I had a client say to me recently while trying to win the talent war, “We just need better candidates.”
And I paused for a second… because honestly, I’ve heard that exact line more times than I can count. And every time, it sounds like the issue is somewhere out there. Like there’s a shortage. Like the market just isn’t delivering.
But the thing is… the talent is there. It’s just not moving the way it used to.
And that’s where most companies get it wrong.
It’s not a talent shortage… it’s an access problem
This one took me a while to fully accept.
For a long time, I thought certain roles were just harder to fill because the talent pool was thin. But over time… after enough searches, enough conversations, enough missed hires… I started seeing a different pattern.
The best candidates aren’t applying.
They’re not sitting on job boards refreshing listings. They’re not blasting out resumes. Most of them are heads down, doing well where they are, getting paid decently, and honestly… not that motivated to move unless something really catches their attention.
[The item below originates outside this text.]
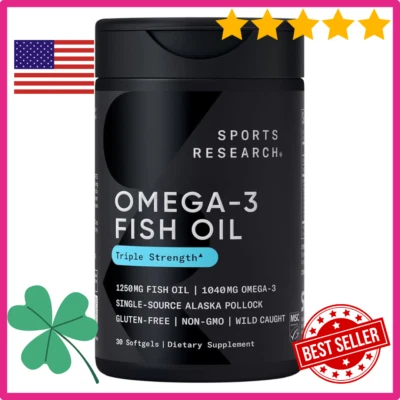 Triple Fuerza Omega 3 Aceite de Pescado Burpless Suplemento EPA DHA Ácidos Grasos 30 ct Foto 1 de 4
So when a company says, “We posted the job and didn’t get strong applicants,” I get it. But also… that’s not where your best hire is going to come from.
That realization changed how I look at every search.
Speed matters more than most teams think
I once watched a company lose three candidates in two weeks. Three.
All solid. All interested. All qualified.
And every time, the feedback was the same… “We just need a little more time to think.”
That one stung.
Because by the time they were ready, those candidates were gone. Not because they weren’t interested… but because someone else moved faster. Made a decision. Extended an offer. Kept things moving.
And look, I understand wanting to be thoughtful. Hiring matters. Getting it right matters.
But here’s the truth… top candidates don’t stay on the market long. Not anymore.
If your process drags, if decisions take too long, if communication gets spotty… they read that as hesitation. And hesitation kills momentum.
The companies winning right now? They’re decisive.
Not reckless. Just clear.
Comp matters… but it’s not the whole story
This is where things get a little more nuanced.
Yes, compensation matters. A lot. Especially right now. People know their value more than they did even a few years ago. They’re comparing offers, talking to peers, doing their homework.
But I’ve also seen candidates turn down higher paying offers… because something else didn’t feel right.
Culture. Leadership. Clarity around the role. Growth opportunity.
I had a candidate walk away from a bigger offer because, in his words, “I just didn’t feel like they knew what they wanted me to do.”
That stuck with me.
Because it’s not just about paying more… it’s about making the opportunity make sense.
When candidates feel like they’re walking into chaos, or unclear expectations, or a leadership team that isn’t aligned… no amount of money fully offsets that.
The best companies don’t just interview… they recruit
There’s a difference. And you can feel it when you’re in the process.
Some companies treat interviews like an evaluation. One sided. Question after question. Minimal context. Little effort to actually engage the candidate.
Others… they recruit.
They sell the vision. They explain the why behind the role. They make the candidate feel like they matter in the process.
And here’s the part people miss… top candidates are evaluating you just as much as you’re evaluating them.
I remember a candidate telling me after an interview, “It felt like they were trying to catch me messing up, not trying to understand what I could actually do.”
He passed on the next round.
That made me rethink how much of the process is really about connection versus just qualification.
The companies that win here tend to do a few things differently:
- They come prepared to explain the role clearly
- They share context about the team and expectations
- They ask thoughtful questions, not just scripted ones
- They create space for real conversation, not just interrogation
It’s subtle. But it makes a difference.
And yeah… reputation is everything now
This part has changed a lot over the last few years.
Candidates talk. More than ever. They share experiences, good and bad. They compare notes. They look up reviews. They ask around.
So even before someone interviews with you… they usually have a sense of what to expect.
I had a candidate hesitate on a process because he’d heard from someone else that communication was slow and feedback was vague.
He wasn’t wrong.
That’s the kind of stuff that sticks.
And once it becomes part of your reputation, it’s hard to shake.
The companies that are winning right now are intentional about this. Not perfect… but aware.
They follow up. They close loops. They treat candidates like people, not just pipeline.
Seems simple. But it’s not always common.
One thing I wish more companies understood
You don’t win the talent war by wanting great people.
You win it by being the kind of company great people actually want to join.
That’s a different mindset.
It’s not about posting more jobs or screening more resumes or adding more steps to the process.
It’s about clarity, speed, communication, and creating an experience that feels worth someone’s time.
I guess if I had to put it simply… the talent war isn’t about finding people anymore. It’s about earning them. And the companies that figure that out, the ones willing to look inward and adjust how they hire… they’re the ones quietly winning while everyone else is still wondering where all the good candidates went.